I have been taking photographs for 33 years now, ever since I was given my first camera at the ripe young age of 9. I have more classes under my belt in the art and other creative mediums than my other course work because I love to create. Many of you budding young photographers out there and elders of the form that use this as your bread and butter may not like what I have to say, but I have to say it. I have photoshop, I have fireworks, I have other programs that I can use to manipulate and enhance photographs. But I've come to realize over the last few decades that it isn't about enhancement.

We go through life using photography as a tool to record. To capture moments that might not come again. It is not about just capture; it's about your own unique journey through life. Understanding yourself by seeing yourself in the frame of reference. It is not just about the outward journey but the inward journey itself. I want it real, raw, authentic. Some would say you can't capture authenticity. I believe you can but it means leaving things in their natural state.

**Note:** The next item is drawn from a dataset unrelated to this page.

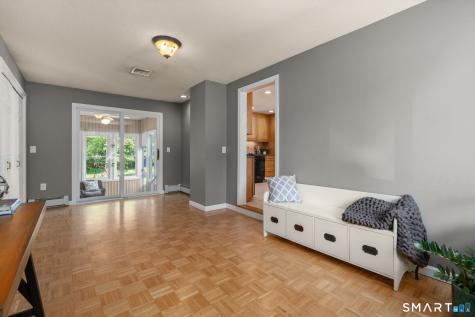 28 Fairfield Road Enfield CT 06082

I've sold prints; I've made good money on my photography. It has helped me to buy equipment and programs. I could use it now to get the decent upgrades I despartely want. But I have to ask myself why? What is so important?

I think that in our modern digital age (the foci of my research) we are loosing so much by artifical enhancement. We are not looking at what we are capturing. We are not listening to the 'silent' voices that might be expressed. We have confined and narrowed the bands, stiffled the true aspect of photography because we are so worried about f-stop, aperature, speed, lighting, etc. Photography is supposed to be fun.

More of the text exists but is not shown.